« Supreme Court Taking a Shot at Chicago's Gun Ban | Illinois Democrats' Sudden Reform of the Pension System » |
Education Wed Mar 24 2010
Big Bill Thompson, Clout Lists, and Local Control
Arne Duncan is a disaster. His model for school improvement (e.g., "privatize it") is a failure, as even former staunch supporters of charter-focused reform like Diane Ravitch are realizing:
If this plan is enacted as proposed, it will eventually become just as toxic as NCLB. Only we won't know it for another five years or so after the evidence of devastated schools and communities has accumulated.
It's not too late, Secretary Duncan, turn back and offer a helping hand, not a death sentence. Send help, not a firing squad.
Now a story is gurgling in the local press about former Chicago schools chief Arne Duncan's involvement in clouting kids into better schools. Duncan hasn't responded to the report, as I could find, but the evidence is fairly damning that Duncan exploited the discretionary powers of magnet and selective-enrollment school principals to admit kids outside of the usual channels. (Consider this psychic fuel in our on-going quest to have Arne Duncan justify his existence).
Whispers have long swirled that some children get spots in the city's premier schools based on whom their parents know. But a list maintained over several years in Duncan's office and obtained by the Tribune lends further evidence to those charges. Duncan is now secretary of education under President Barack Obama.
The log is a compilation of politicians and influential business people who interceded on behalf of children during Duncan's tenure. It includes 25 aldermen, Mayor Richard Daley's office, House Speaker Michael Madigan, his daughter Illinois Attorney General Lisa Madigan, former White House social secretary Desiree Rogers and former U.S. Sen. Carol Moseley Braun.
Non-connected parents, such as those who sought spots for their special-needs child or who were new to the city, also appear on the log. But the politically connected make up about three-quarters of those making requests in the documents obtained by the Tribune.
This is nothing new. But it is one of the things that democratic control of schools by local school councils (LSCs) was meant to monitor and rectify. The specter of patronage in the school system has become more ominous as privatization has wrecked this democratic oversight and and created regional charters that suck funds from existing public schools. Charters of course cannot be governed by local school councils, and with little public oversight and no contract regulating the workplace, operate with little regulatory scrutiny.
With no civil service style workplace regulations and no democratic oversight, you can bet that a school district infected with fly-by-night charter schools will operate according to the political as much as the economic market. Charters dependent for their very existence on the political will of state legislators, the Mayor, and City Council, will be influenced by clout calls for admissions--and clout calls for professional positions.
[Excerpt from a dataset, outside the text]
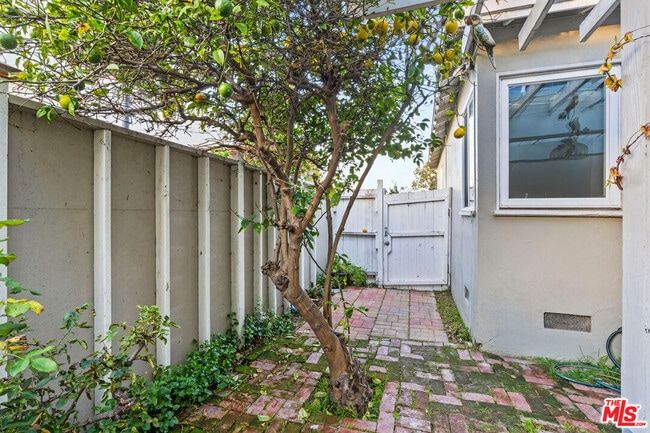 Photo - 4183 Commonwealth Ave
The Board of Education is already a shockingly undemocratic body; not only is it essentially an arm of the Mayor's office given his power to appoint members and his iron-fisted control of the City Council, but literally none of the members are educators, so they don't reflect the District. The only thing mitigating this top-down control was the (nevertheless limited) local school councils. As they disappear, management falls out of professional control with public guidance into purely political control.
The ramifications of that can be serious. Consider when Mayor "Big" Bill Thompson, the last Republican Mayor of Chicago, consolidated control of the School Board and tried to chase out educators not in line with his quasi-nativist uber-patriotic "America First" platform.
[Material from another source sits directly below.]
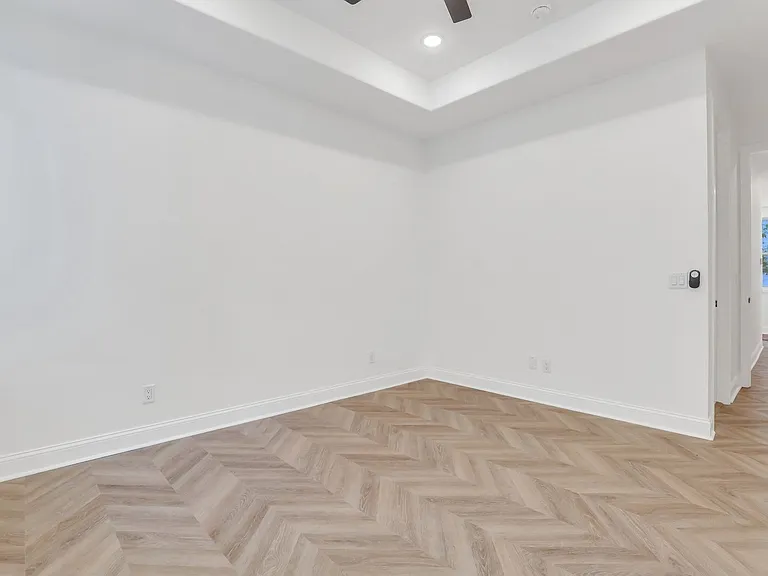 912 E Henry St — Photo 28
Thompson's heavy handed actions against schools superintendent William McAndrew caused a national sensation and resulted in a major lawsuit against the school district and national shame for the city, all to enforce a political ideology in the schools. The civil service protections found in union contracts, and the institution of local, democratic control were created after long struggles to root out just these kinds of problems. The trend towards privatization is not progressive or visionary, but reactionary, seeking to undo reforms dearly won.
alanmarks / March 24, 2010 4:28 PM
I don't agree in particular about Ravitch is just another "elite educator" her credentials and creditability are all based on "academic research" she has never taught a class in more than 40 years. We don't need anymore of her type and Duncan..well resignation is the best option for him.